Jane Remer has worked nationally for over forty years as an author, educator, researcher, foundation director and consultant. She was an Associate Director of the John D. Rockefeller 3rd Fund’s Arts in Education Program and has taught at Teachers College, Columbia University and New York University. Ms. Remer works directly in and with the public schools and cultural organizations, spending significant time on curriculum, instruction and collaborative action research with administrators, teachers , students and artists. She directs Capezio/Ballet Makers Dance Foundation, and her publications include Changing Schools Through the Arts and Beyond Enrichment: Building Arts Partnerships with Schools and Your Community. She is currently writing Beyond Survival: Reflections On The Challenge to the Arts As General Education. A graduate of Oberlin College, she attended Yale Law School and earned a masters in education from Yale Graduate School.
Pacer1 says
Excellent blog, Jane. It underscores my concerns over the Sistema movement that is sweeping North America. While I support and applaud the concept of Sistema as a ‘social program’ (Dr. Abreu insists it is not a “music program”), I am concerned that it absolves the public education system of it’s responsibility to provide quality music education as core curriculum; or as you say “the necessity of professional music teachers reaching ALL our kids.” It is my hope that Sistema programs will create a demand for better and more accessible classroom music education in our public schools.
John Porter says
Is El Sistema really “sweeping” across North America? I doubt that. While I don’t mean this as a value statement, isn’t El Sistema another example of a very good “program”? A program that will be dependent on private funding, and essentially be another potential pocket of excellence? I hear from people all the time that El Sistema is sweeping the nation, that it is doing this and that. I dunno. It strikes me as another of the many good things out there that won’t change the big picture.
Tobi Tobias says
I couldn’t agree with you more, Jane. One of my grandchildren is passionately interested in the arts, plays two instruments, has been regularly sharing my press seats at the ballet since she was three. When she first saw opera, and then ballet in HD, her response was, essentially, “Thank you for taking me, Gram., It’s very interesting, but, you know, it’s not the real thing.”
I think these telecasts are marvelous, for all the obvious reasons, but they are reproductions. Youngsters, especially, need live participation in music, even if it’s at a very simple level. That’s how the aforesaid privileged granddaughter learned to play the violin–through her New York public school’s orchestra.
Janet Brown says
Spot on Jane!! Exposure can not replace experiential education and performance does not replace curriculum. And electronic delivery of a live performances is not a live performance. We have encouraged arts organizations to “make up” for schools which has diminished their real purpose and placated school administrators to believe the arts are being taught. You are speaking truth and keep it up.
RAFAEL DE ACHA says
Amen!
John Porter says
I think that what is really questionable here is that it appears that the Metropolitan has been pressuring principals and others from the schools to raise money for the HD programs. With there being so little money for anything in schools, including paper towels, how can a $300 million organization ask these underserved schools to beat the drum for money for the Metropolitan. Shouldn’t it be the other way around? Hasn’t the Metropolitan raised money from donors to provide these broadcasts to schools?

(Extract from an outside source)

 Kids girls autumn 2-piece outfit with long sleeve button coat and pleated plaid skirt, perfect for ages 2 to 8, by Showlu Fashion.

And of course, Jane Remer is right. The HD broadcasts are a good thing, but no match for a good music teacher, or an artist in residence.

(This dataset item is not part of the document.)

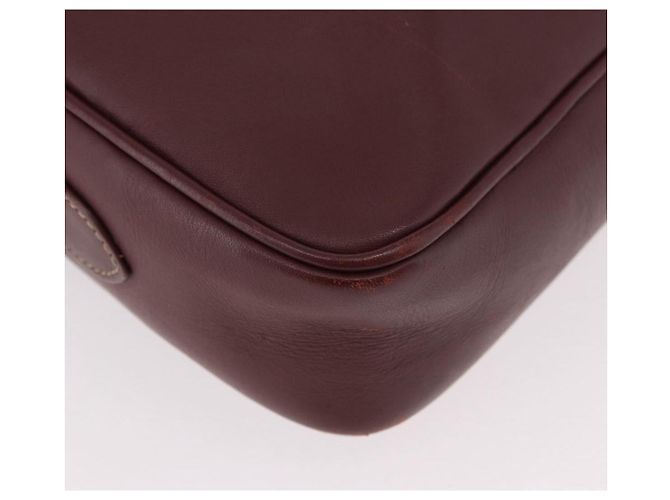 Borsa a tracolla CARTIER Must Line Pelle Bordeaux Oro Auth ka4870 D'oro Bordò - vista 12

This is not only pathetic but it is deeply shameful.
ariel says
One seems to never get away from the same old blather year in and year out .The truth of the matter stares one
in the face but we will yet have another book to prove the obvious . Never seems to end ………..
David Roche says
You address the socioeconomic issue head on. Thank you, Jane. To Pacer1: while I can’t comment on the conditions at the El Sistema USA sites, I do know that the two El Sistema USA public school sites operated by the Peoples Music’s YOUR Project in Chicago are offering quality after school music instruction to hundreds of students who had nothing during school except a bit of “general music” for 30 minutes a week at best- and no school band or orchestra.
And, at El Sistema world headquarters in Venezuela it should be noted, the overwhelming majority of nucleos are located not on school sites at all. Instruction and intensive rehearsals take place during after school hours at the local fire station, post office, city hall, culture center, race track….
But maybe that’s your point, Pacer1 – the original Venezuelan model is truly a social equity one – come one come all – and the musically meritorious are identified and pushed forward, rising to play in increasingly challenging regional and national orchestras. Voila – Gustavo Dudamel.
Is the El Sistema “brand” now being too loosely applied to programs that do not fully embrace the core social equity issue, offering a place in the band for everyone who wants to join after school as local capacity permits? I’m just wondering if the North American translation becomes less “system” based than the original “El Sistema” because we do not have a common, centralized operational hub and no de facto national Ministry of Music Education that FESNOJIV (El Sistema) has become over time in Venezuela. Like the Met pushing opera in HD, are we pushing a loose, media-driven idea of El Sistema that will end up perpetuating symphonic music as elitist music?
Pacer1 says
David: that is exactly my point. Are we entering an era where we can say “with Sistema programs working so well, why do we need to worry about music education in the public schools”? For example, Look at the Project in Chicago you mention that benefits hundreds of children. What about the thousands of students in those schools? Should they have access to instrumental music, and more than 30 minutes of general music a week? There’s the rub.
Sistema is getting a lot of attention and funding, which it should. It is in economically depressed communities where it is most needed, and for which it was created. However, in it’s application, it is not universal.
Your point about the lack of a “centralized operational (read ‘educational’) hub” is well taken and reminds me of something Katerina Witt once said to the effect that, we all know the evils of the communist system of government, but under that centralized system she was given access to the best instruction and training throughout her sports education. Maybe it’s time public schools had their own ‘System(a)’ as far as music education.
John Porter says
Is El Sistema really that well funded? Attention yes, but funding, impact, etc? I remember when CAPE got a ton of attention and I remember when everyone was all a buzz about Obama’s Artist Corps.
David Roche says
Very good point, Pacer1. But the only way there could be more education funding allocated toward music education across the board in the vast Chicago public school system would entail a complete reversal of current priorities and is unrealistic to expect anytime soon. In the interim, the privatization of public school music education, via artist residency programs and after school programs provided by 501(c)(3) nonprofit arts organizations subsidized by philanthropic entities, represents a plan of action, albeit largely un-“system”atic, that continues to grow apace.